# [Work to be completed]
Please reproduce exactly, and only, the lines from the one with "Пляшка для води" through the last line of the listing below, both ends included, leaving out the pictures.

□ □ □ □ □

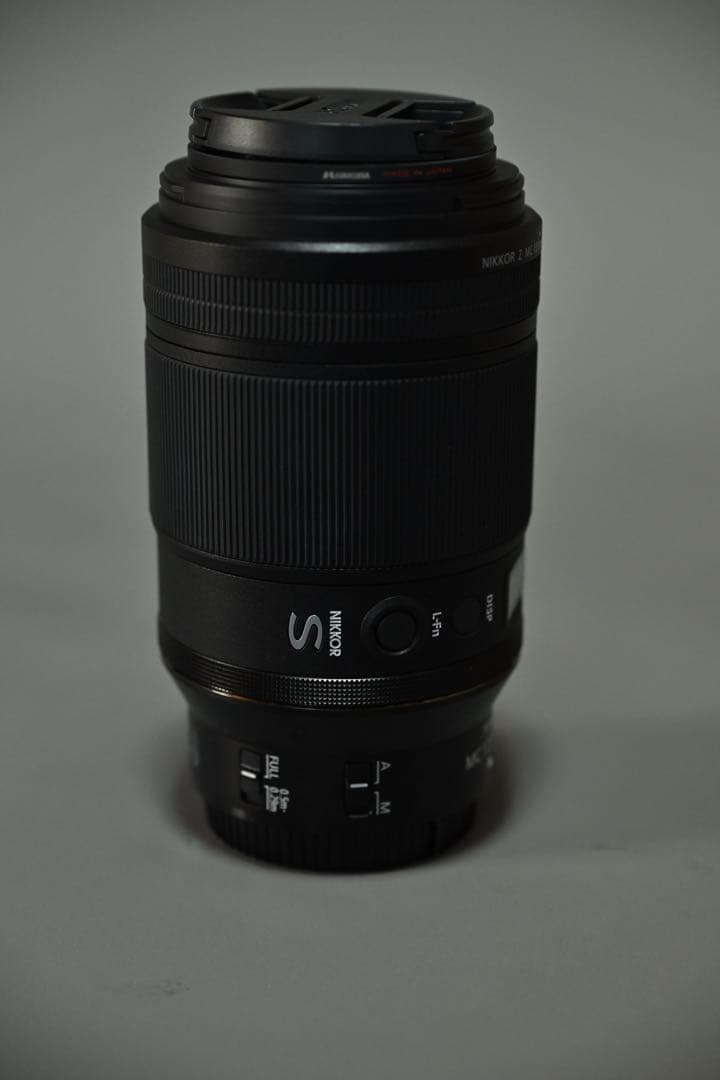 【最終値下げ】NIKKOR Z MC 105mm f/2.8 VR S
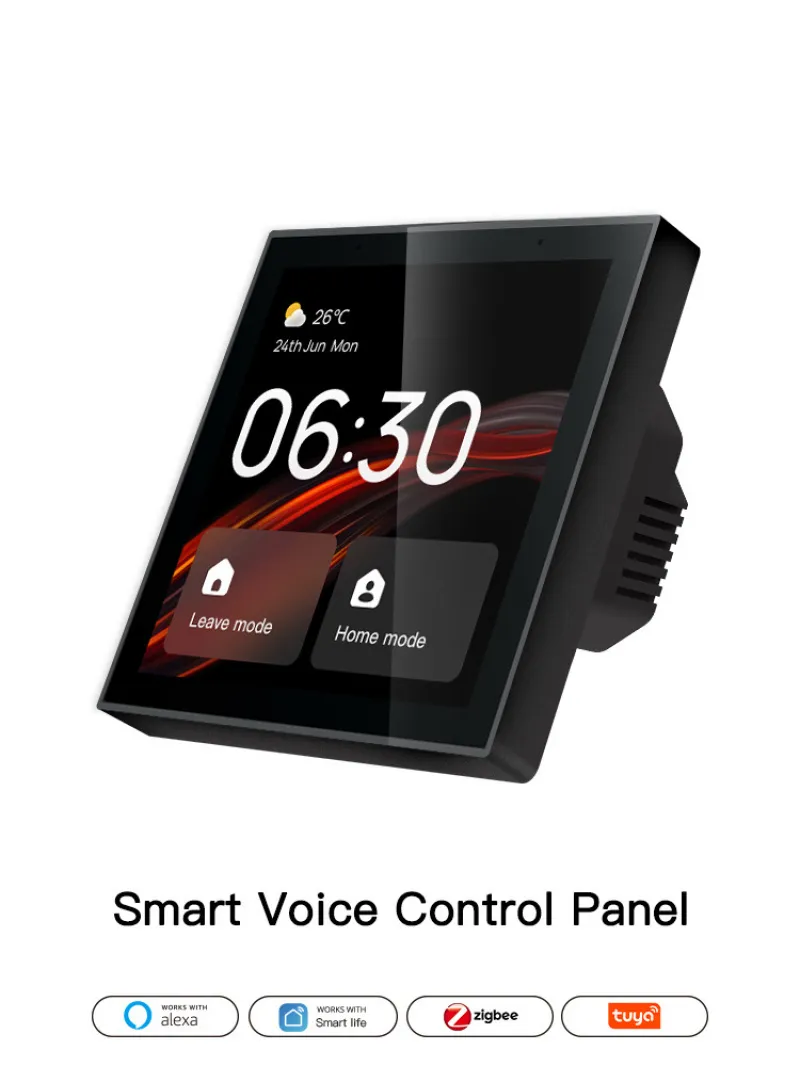 Tuya Smart Home 4-inch Full-Sc - Smart Home Ir recensie en prijs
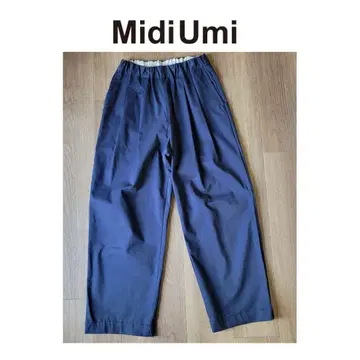 미사용품 MIDIUMI 이지 팬츠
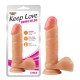 Фаллоимитатор на присоске Keep Love Swing Dildo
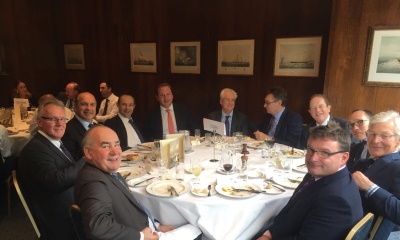 EIG celebrate 20th Annual Auctioneers Lunch 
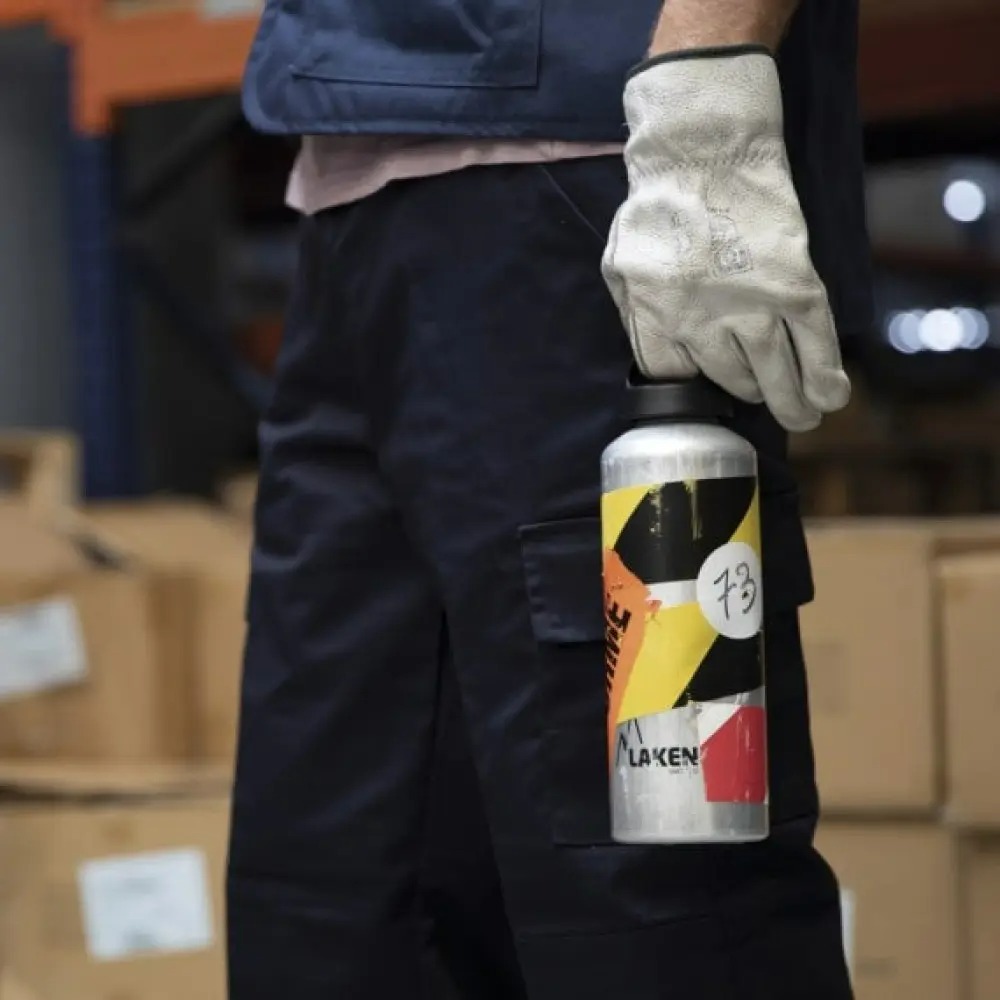 Пляшка для води 33-YE Laken - 5 - Robinzon.ua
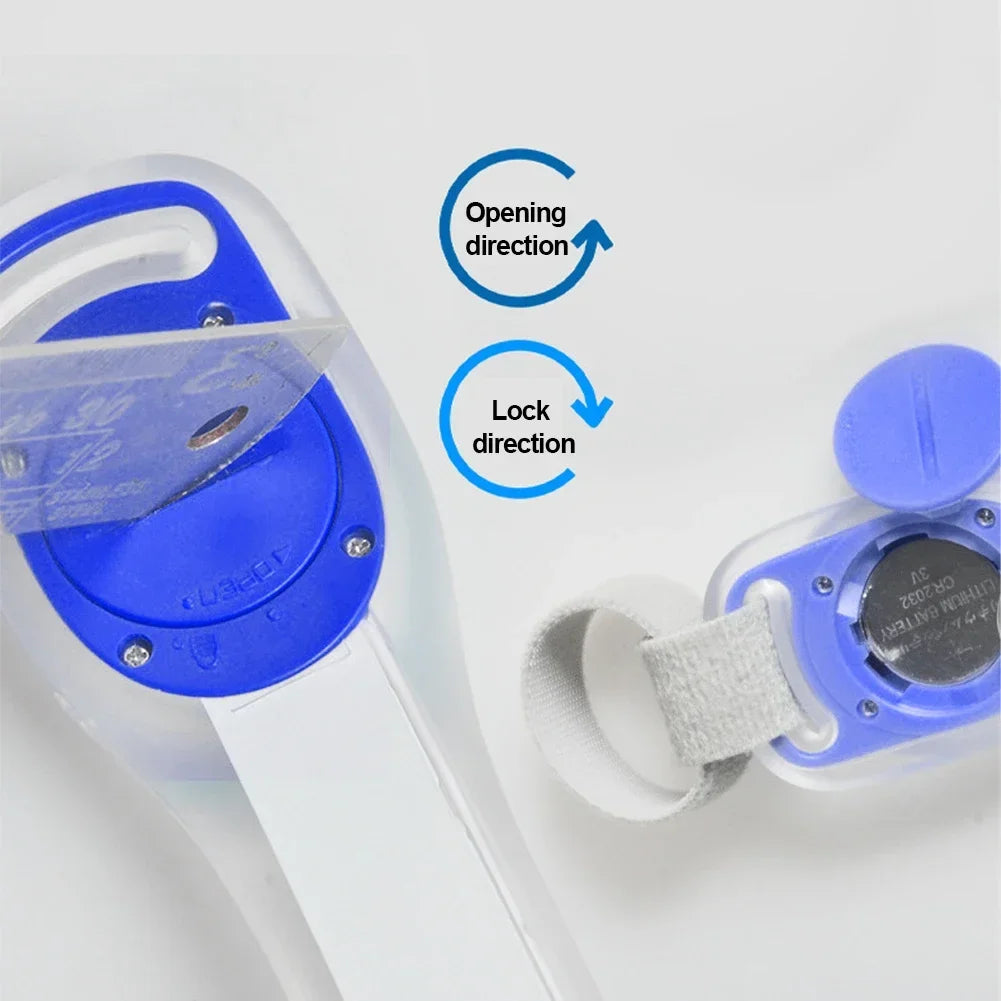 Waterproof Dog Anti-Lost Safety Glowing Collar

□ □ □ □ □

# [Answer to the problem]
 Пляшка для води 33-YE Laken - 5 - Robinzon.ua
 Waterproof Dog Anti-Lost Safety Glowing Collar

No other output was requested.